A carência de roteiros criativos é compensada pelos pesados investimentos na produção de blockbusters ingênuos: Avatar, Homem de Ferro e outros super-heróis dos quadrinhos convocados por Hollywood. Uma onda escapista de filmes de animação começa também a invadir o mercado.

A produção B especializou-se na exploração dos pesadelos infantis da classe média americana, criando um gênero que aos poucos se transforma numa cultura do medo. Na falta de emoções sutís, a indústria investe o que é possível na criação de impactos violentos, na exibição de crimes horrorosos e nas ameaças do terror sobrenatural, em fórmulas testadas e repetidas para lotar os cinemas e vender milhões de cópias.

Penso que existe oportunidade para um novo cinema nos Estados Unidos, capaz de criar novas platéias, saturadas de tanto sangue e tanto medo.

domingo, 2 de maio de 2010

As paixões


Existem pelo menos três temas que fazem despertar paixões impossíveis de controlar: futebol, política e religião. Quando faz parte de uma torcida, de um partido político ou de uma das revelações da divindade, o indivíduo abre mão da sua identidade e passa a ser o átomo de um corpo do qual é a menor partícula. O pensamento lógico se retrái para dar lugar à paixão, que é irracional.

Existem, claro, outros tipos de paixão além daquelas. A paixão amorosa é uma delas, quando o amor abandona o altruismo e passa a ser uma doentia necessidade de posse e dominação. O sujeito apaixonado vive a obsessão de um pensamento fixo, um tipo de esquizofrenia que o aliena e o escraviza dentro do círculo da insanidade.
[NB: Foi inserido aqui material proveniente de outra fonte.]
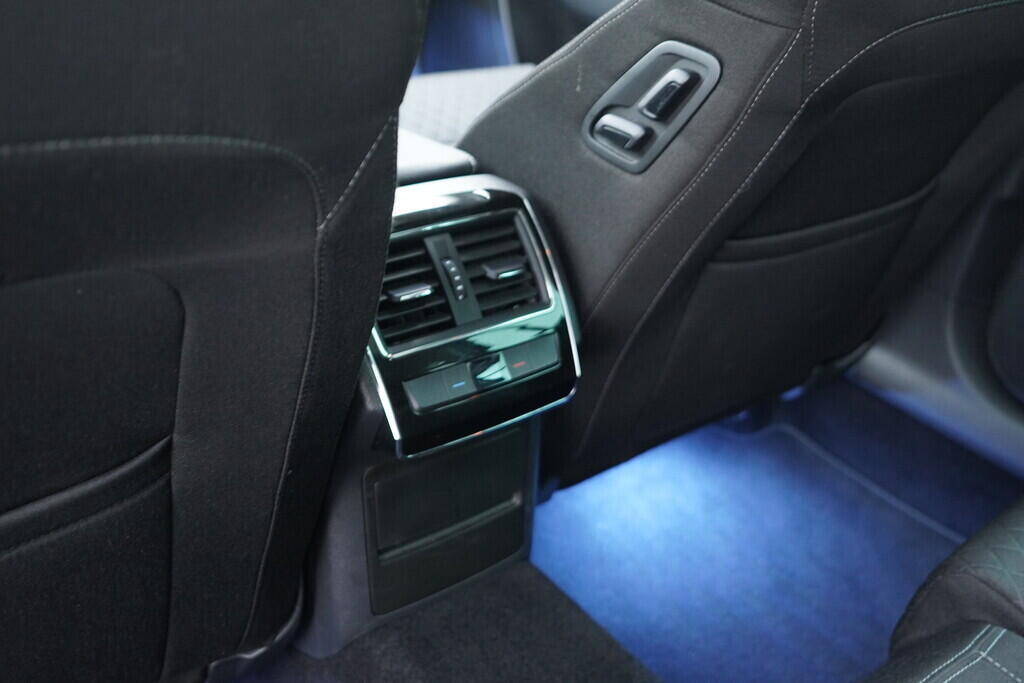 OV190V10112_36.webp_SUPERB Style 2.0 TDI 140 kW automat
Os tipos mais comuns de paixão situam-se, porém, nas torcidas esportivas e os excessos que conduzem multidões a batalhas campais com mortos e feridos. Na luta pelo poder político, quando o confronto de opiniões contraditórias podem levar à guerra e à destruição. E na crença fanatizada na palavra que teria sido pronunciada por Deus, outra fonte de loucura que conduz à violência cega.